Friday, March 25, 2011

Roosting Clunkers

It is an academic and social disgrace that our institutes of higher learning have become so politically and socially degraded. They appear to have laid aside the notion of a university being a forum for the exchange of ideas, imparting and offering the opportunities to discover and to learn and to become educated. A place where knowledge is revered and striven to achieve. Where diverse opinions are respected and debated.

Most certainly not where divisiveness is deliberately and libellously encouraged, where students are targeted for opprobrium because of their social, ethnic, cultural or religious affiliation. And where a stalwart nation which is a practising democracy with a free judiciary in whose universities all its citizens regardless of religion, ideology and ethnicity are free to learn, with mutual respect, is slandered and deligitimized.

At Kingston's Queen's University when its student-elected rector Nick Day, wrote a scurillous accusation of Israel as a "genocidal" country whose treatment of Palestinians presented as "perhaps the biggest human rights tragedy of my generation" on the web site rabble.ca, he signed off on behalf of the student body that elected him, as rector of Queen's.

His arrogant hyperbole in characterizing a country as beneath contempt, as a nation of genocidairs was not overlooked by the university nor its students. Many of whom no doubt equated genocide with countries like Sudan and Rwanda, Iran and Burma, North Korea and Democratic Republic of Congo, Zimbabwe and Libya whose abuse of their own people through mass slaughter is not unknown.

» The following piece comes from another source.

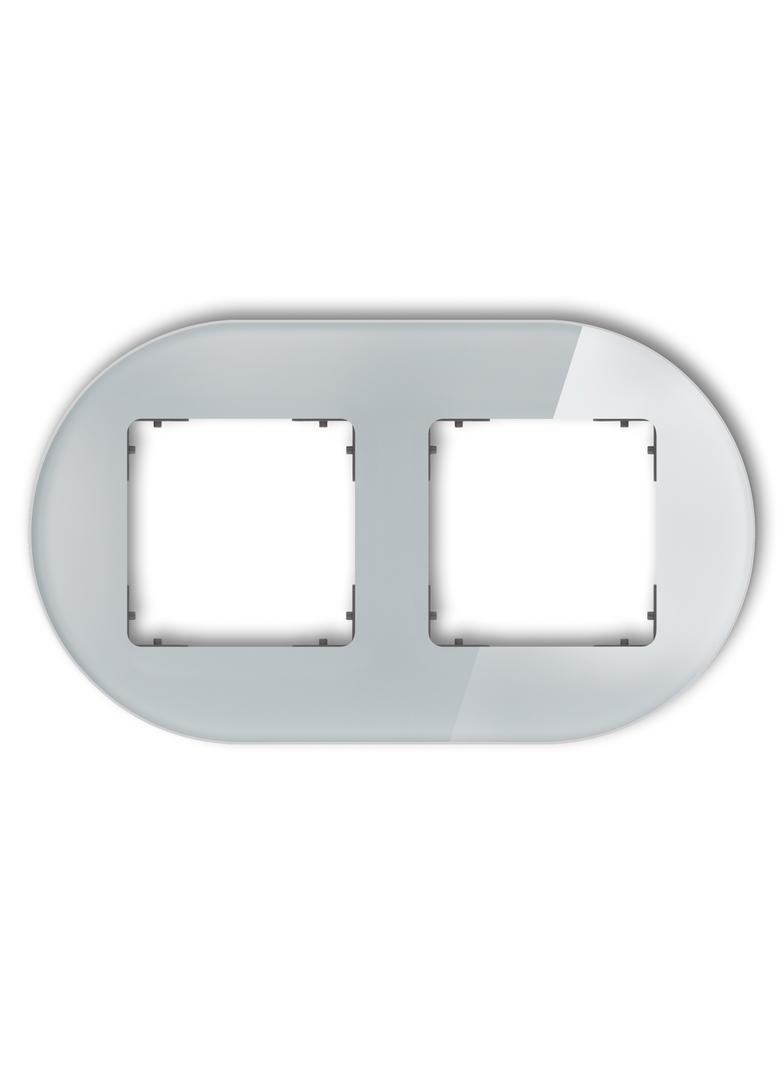 ICON Ramka uniwersalna podwójna okrągła - efekt szkła (ramka: szara; spód: grafitowy mat) szary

Some members of the student body set about collecting signatures for a referendum to which 72% of eligible undergraduate voters affixed their names. In the interests of expressing their opposition to Nick Day's continuation as the university rector. A whelming enough number to represent the majority who took offence at the man's hubris in speaking on their behalf to express an indelible hatred.

The University Council will now take the results of the referendum under advisement. They will make a decision whether or not to divest this man of the position he was voted to hold. The message is clear enough; many of those who originally voted for him have expressed their lack of confidence in Nick Day to represent their best interests, let alone their concerns.

If he is divested of his position he will be free to continue his hate-fests. He was free to take part in these deviously divisive celebrations of hatred in any event, but as a private citizen committed to expressing and extending a ferocious hatred toward an entire country, and that without taking into account having adequate knowledge about what it is he detests.

If he is permitted to remain in the position of rector, it will not reflect well on the decision-making capabilities of the University Council, but it will be their decision to make. At the very least, he and they will know of a certainty that the smear campaign and the hatred expressed toward Israel and Jews is not as universally accepted as he appears to feel it is.